Бензовоз не ждал ее у дома, и она знала, что нынешней ночью будет одна. Ее приход в дом приветствовали две голодные кошки, крутившиеся под ногами и настойчиво тершиеся о них. Она беседовала с ними громко, в полный голос, выговаривала им, но вместе с назиданиями осыпала их лаской. Наполнила их миски — каждую в отдельности — и едой, и водой для питья. Затем она зашла в ванную, вымыла лицо и шею, гребнем поправила волосы. Потом включила телевизор — шла передача о таянии полярных льдов, угрожающем уничтожить жизнь в Арктике. Она приготовила себе хлеб с маслом и с брынзой, нарезала помидоры, пожарила яичницу, налила чашку чая. Затем уселась в кресло перед телевизором, перед гибнущей арктической жизнью, ела, запивая чаем, почти не чувствуя, как слезы текут по щекам. Заметив слезы, она не перестала есть, прихлебывая чай из чашки, не оторвалась и от телевизора, только три или четыре раза провела ладонью по левой щеке. Слезы не прекратились, но ей стало легче, и она сказала самой себе те слова, которые прежде собиралась сказать Коби, но не успела: «Ничего. Не бойся. Ты в порядке. Все сейчас хорошо».

Она встала, все еще в слезах, прижала к груди одну из кошек, потом снова вернулась в кресло. Без пятнадцати одиннадцать она вновь поднялась, опустила жалюзи, погасила почти все лампочки.

 

Коби Эзра бесцельно бродил по улицам Тель-Илана, дважды прошел мимо Дома культуры. Дважды — мимо кооперативного магазина, служившего источником дохода для его семьи. Он зашел в парк Памяти, сел на скамейку, которая уже была влажной от выпавшей росы. И спросил себя, что же она думает о нем теперь и почему, собственно, не отхлестала его по щекам, как он того и заслуживает. И вдруг он взметнул свою руку и с силой ударил себя по щеке, да так, что зубы у него заболели, в ушах зазвенело, а из левого глаза выкатилась слеза. Стыд, словно густая блевотина, заполнил все его тело.
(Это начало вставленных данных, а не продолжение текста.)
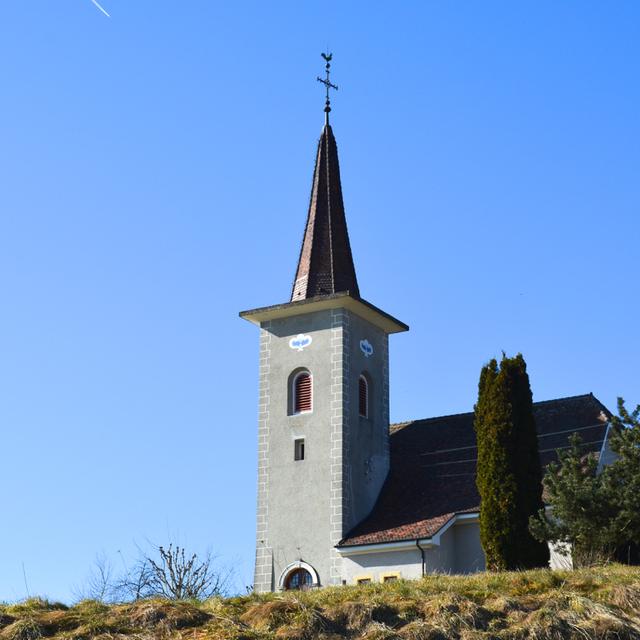 Ciel bleu sur l'église d'Orzens, dans le Nord-Vaudois. [Françoise Burdet]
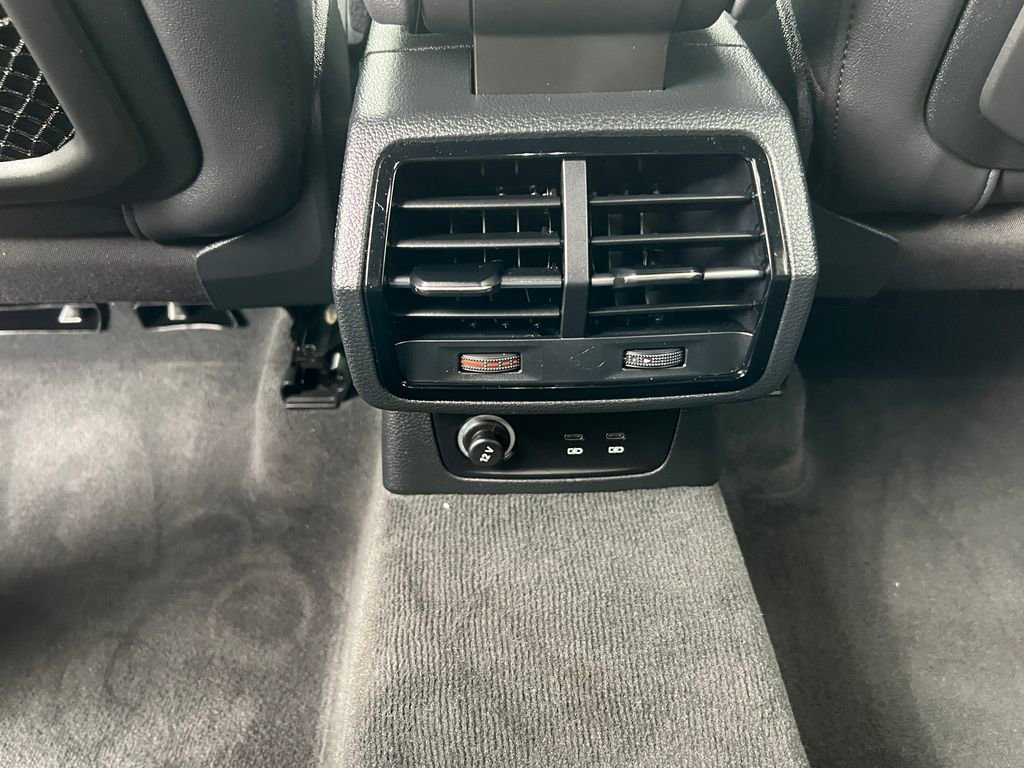 Used 2021 Audi Q3 2.0T Premium image 29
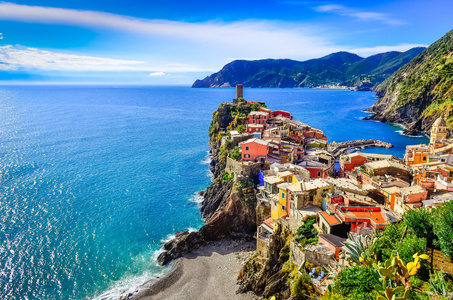 多彩村 vernazza 在五渔村的风景视图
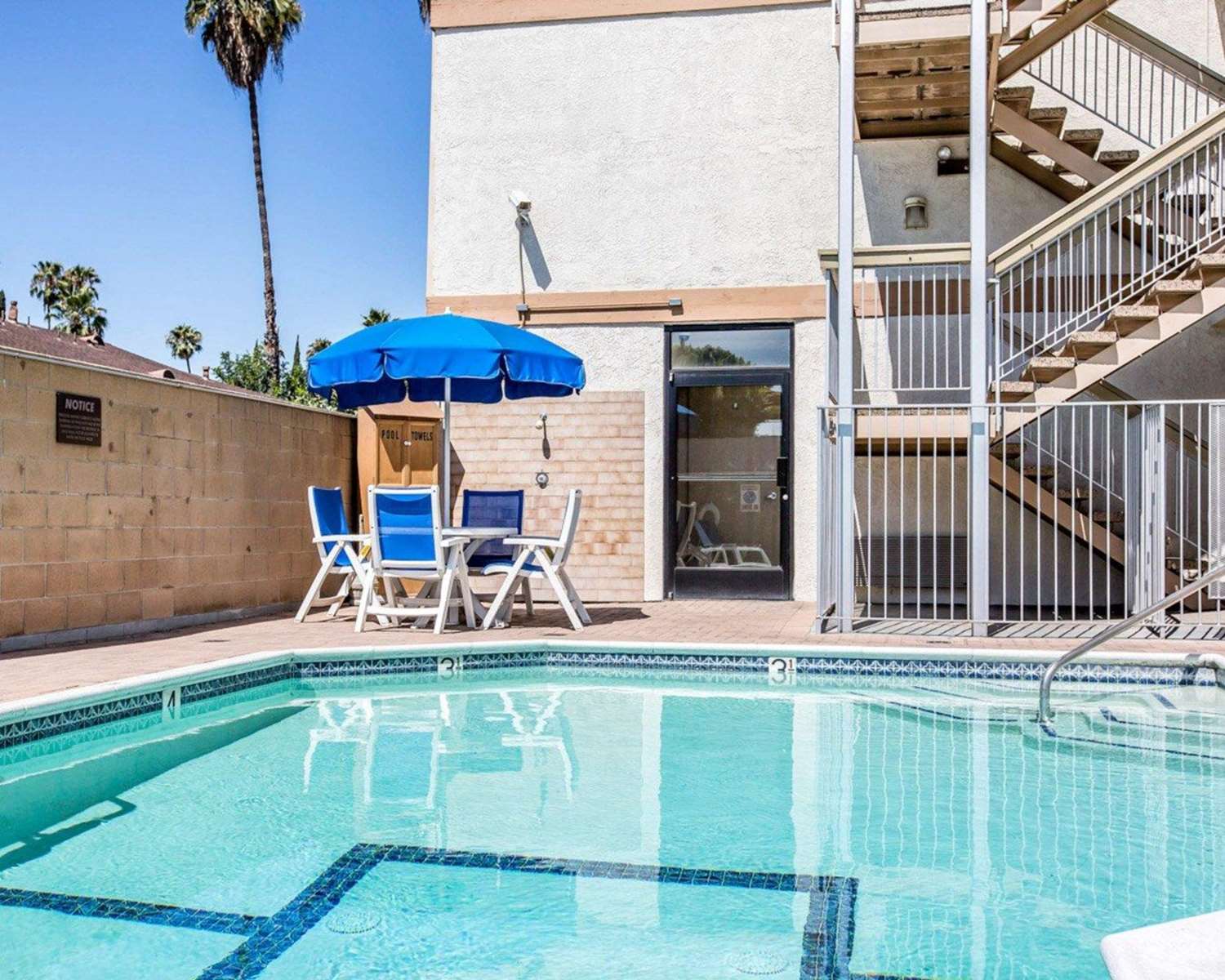 Hyland Inn near Pasadena Civic Center 24/40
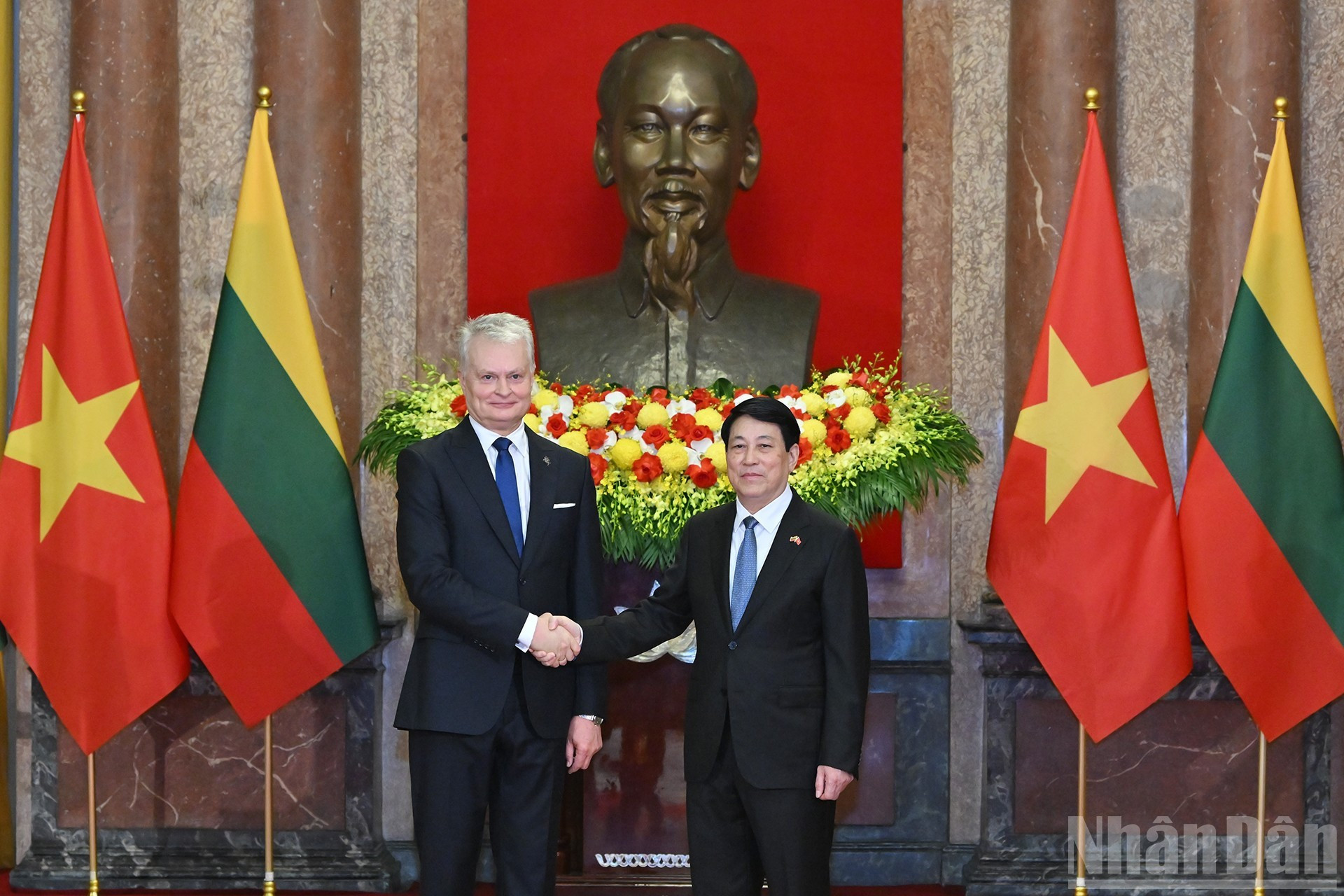 Los dos presidentes posan juntos para una foto después de la ceremonia de bienvenida.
Два парня, Элиэзер и Шахар, его ровесники, прошли мимо скамейки, не заметив его, и он весь сжался, спрятав голову между коленями.

Шахар сказал:

— По ней сразу видно, что она врет. Никто и на пол секунды не поверил ей.

Элиэзер ответил ему:

— Но это была белая ложь, то есть та ложь, которую можно оправдать.
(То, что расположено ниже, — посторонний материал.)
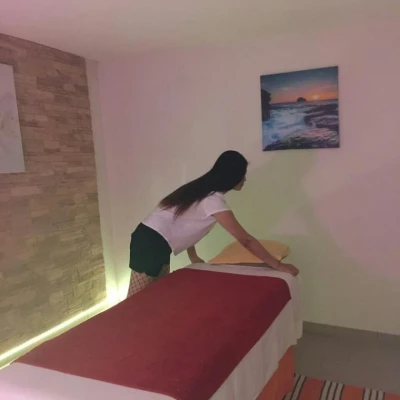 Clara, Escort, Therwil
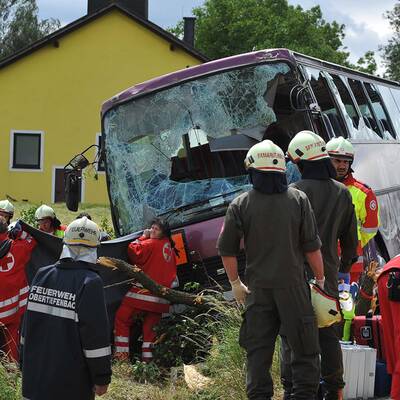Autobus mit vier Kindern in St. Pölten verunglückt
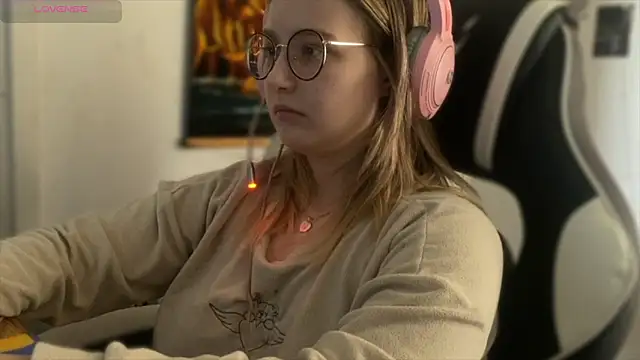 JacyWinslat online show from September 2025 10:25:01 AM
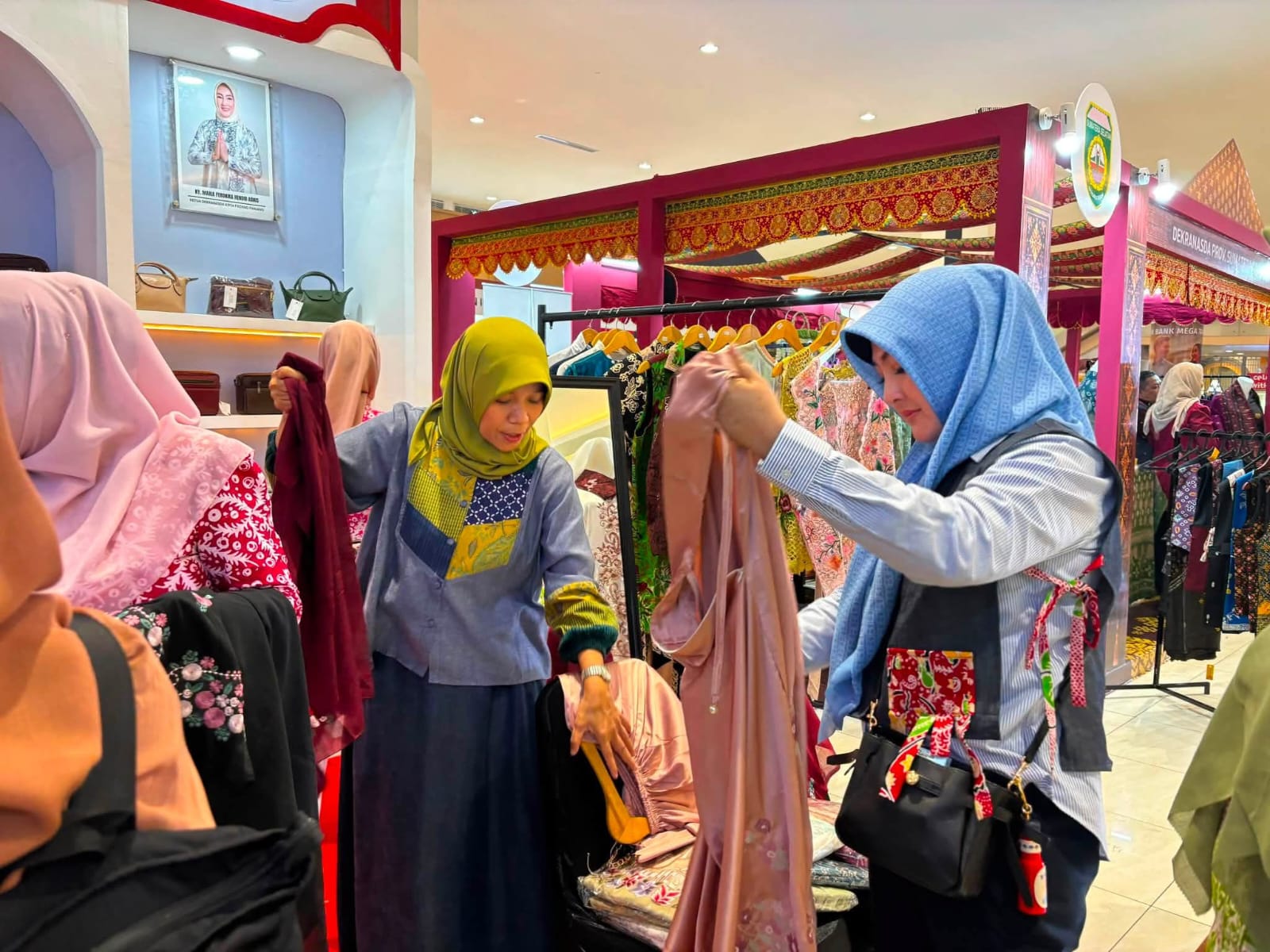 Suasan pengunjung di stand Padang Panjang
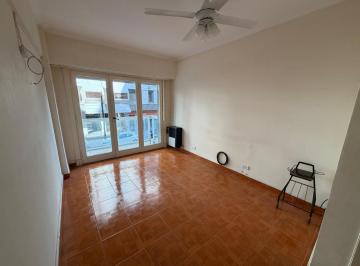 Departamento · 61m² · 2 Ambientes · Departamento 2 Ambientes con Dependencia Balcón Al Frente en Plaza Colon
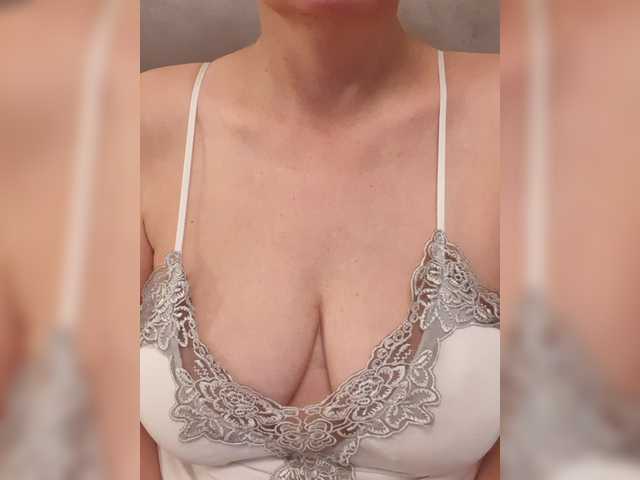 SexiestJess45 live cam on BongaCams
Они удалялись, и только гравий на дорожке поскрипывал под их подошвами. Коби подумал, что никогда не сотрется то, что натворил он нынешним вечером. Даже по истечении многих лет, когда жизнь еще приведет его в такие места, которых сегодня он и представить себе не может. Даже если поедет он в большой город и пойдет искать себе распутную женщину, как рисовалось ему много раз в его фантазиях. Ничто не смоет постыдности того, что натворил он этим вечером. Ведь он мог сидеть с ней в библиотеке и беседовать. И не следовало гасить свет. И если он уже окончательно сошел с ума, вдруг выключив свет, так ведь можно было, воспользовавшись воцарившейся темнотой, высказать свои чувства. Все говорят о нем, что слово — самая сильная его сторона. Он мог бы воспользоваться словом. Читать ей стихи про любовь великого поэта Хаима Бялика или лирику Иехуды Амихая, замечательного современного поэта. Он мог признаться ей, что и сам пишет стихи, даже прочитать одно из них, написанное о ней и для нее. «С другой же стороны, — думал он, — то, что случилось, произошло и по ее вине тоже, потому что она весь вечер относилась ко мне так, как взрослая женщина относится к ребенку или как учительница к своему ученику.